■ Instructions for the task
The output must match the lines from the first line of the listing below through the line holding "Cover image of" exactly and must contain no pictures.

■ Information given
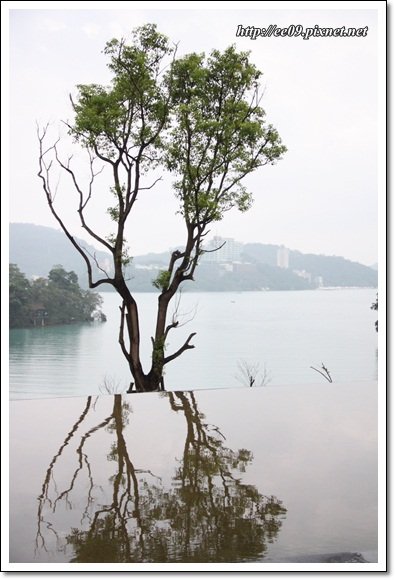 向山湖景樹倒影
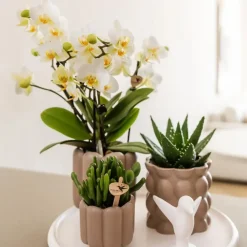 Kamerplanten-Plant in a Box Cadeauset orchidee 'White Tray XL' - Phalaenopsis - Hoogte 35cm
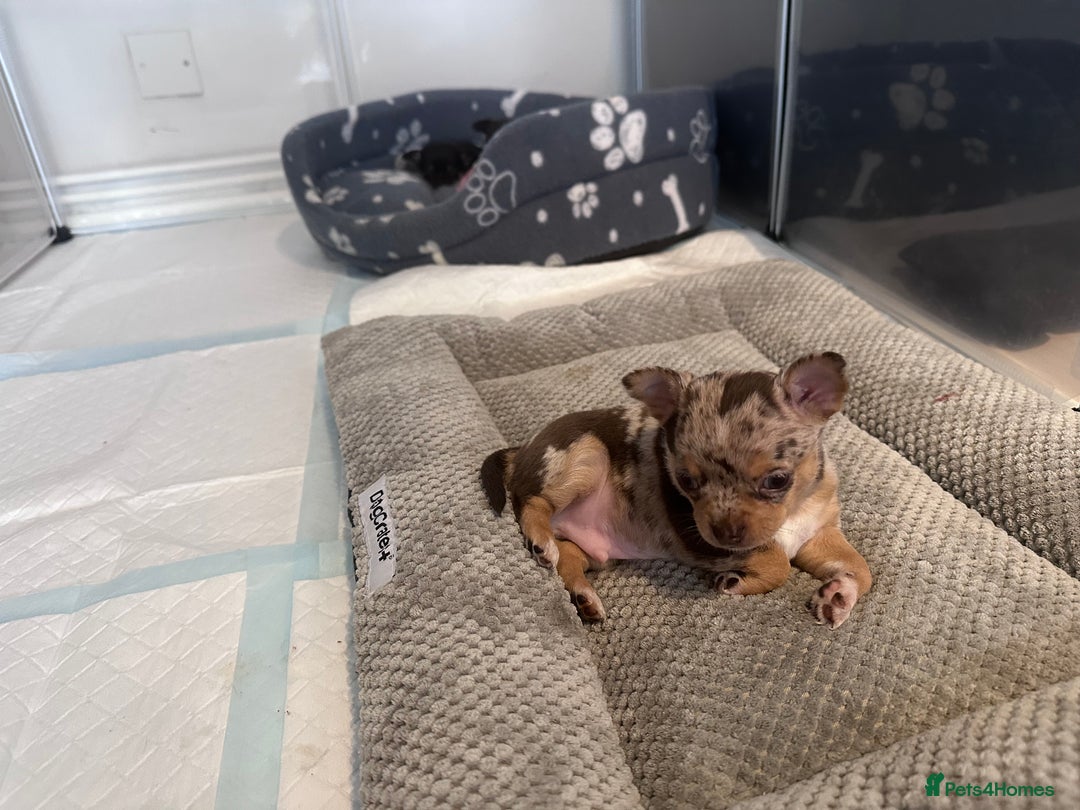 Chihuahua dogs for sale: Meet Reggie  - Image 6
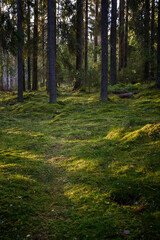 Beautiful view of mossy ground and trees in a lush and verdant forest at the Helvetinjärvi National Park in the Pirkanmaa region in Finland, in the evening sun at autumn.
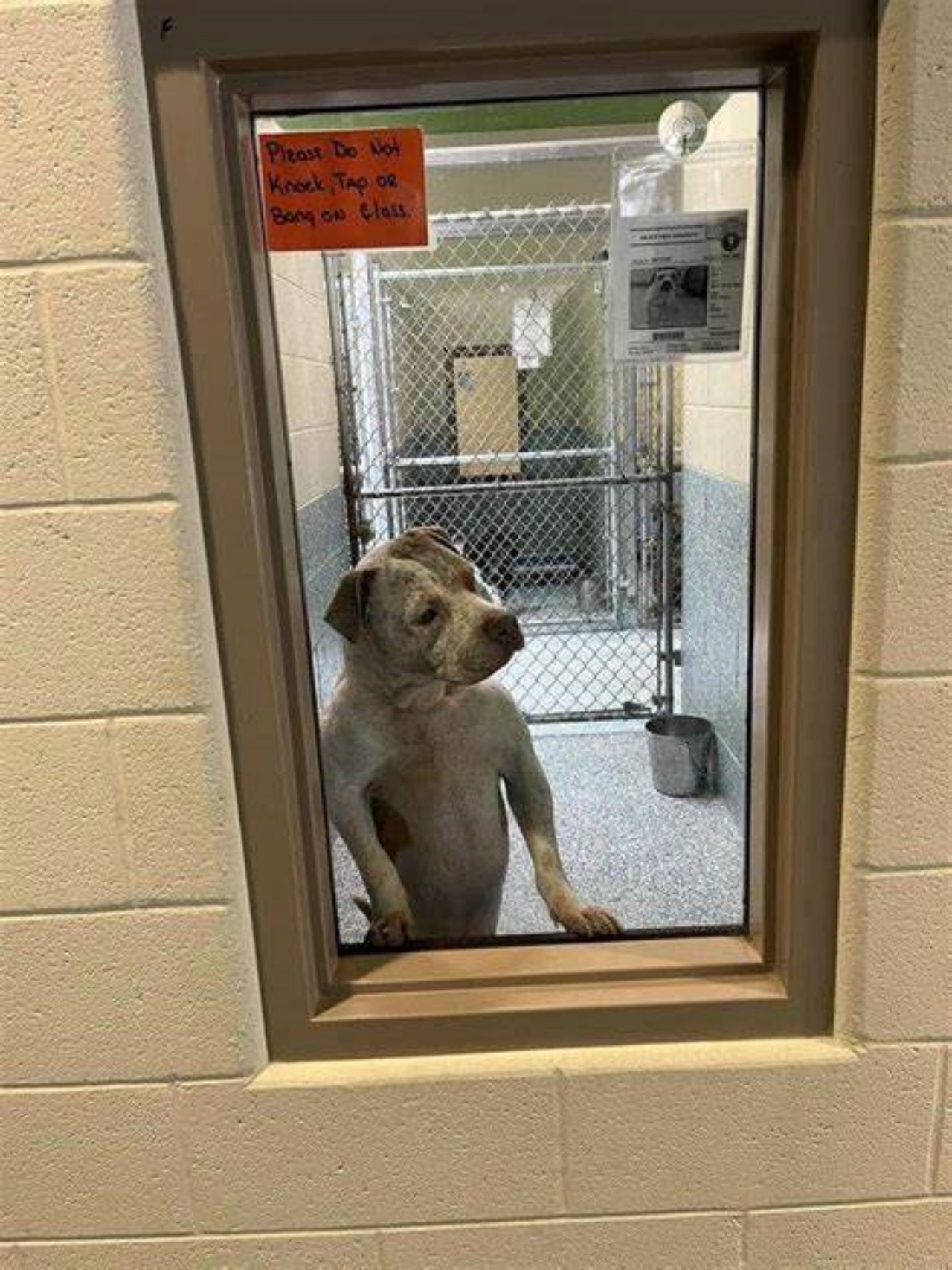 Cane guarda la porta nella speranza che entri qualcuno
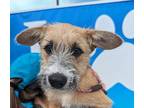 Pagus Dachshund Puppy Male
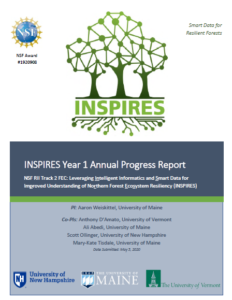 Cover image of INSPIRES Year 1 Progress report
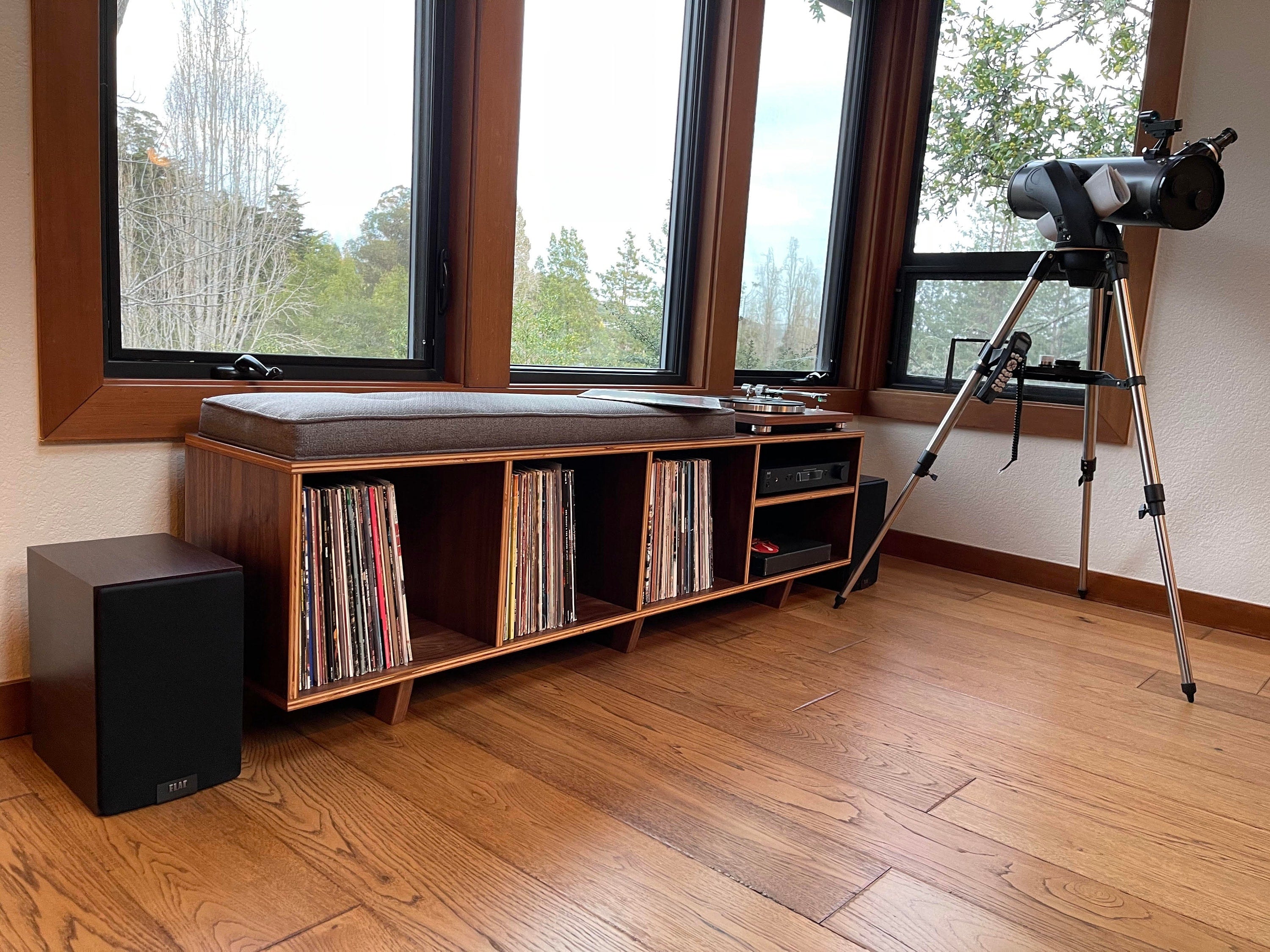 vinyl lp storage bench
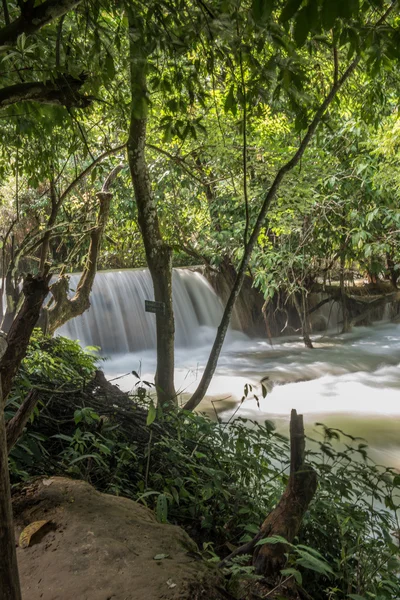 Vista furtiva de la cascada desde el bosque — Foto de Stock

■ Solution
 向山湖景樹倒影
 Kamerplanten-Plant in a Box Cadeauset orchidee 'White Tray XL' - Phalaenopsis - Hoogte 35cm
 Chihuahua dogs for sale: Meet Reggie  - Image 6
 Beautiful view of mossy ground and trees in a lush and verdant forest at the Helvetinjärvi National Park in the Pirkanmaa region in Finland, in the evening sun at autumn.
 Cane guarda la porta nella speranza che entri qualcuno
 Pagus Dachshund Puppy Male
 Cover image of INSPIRES Year 1 Progress report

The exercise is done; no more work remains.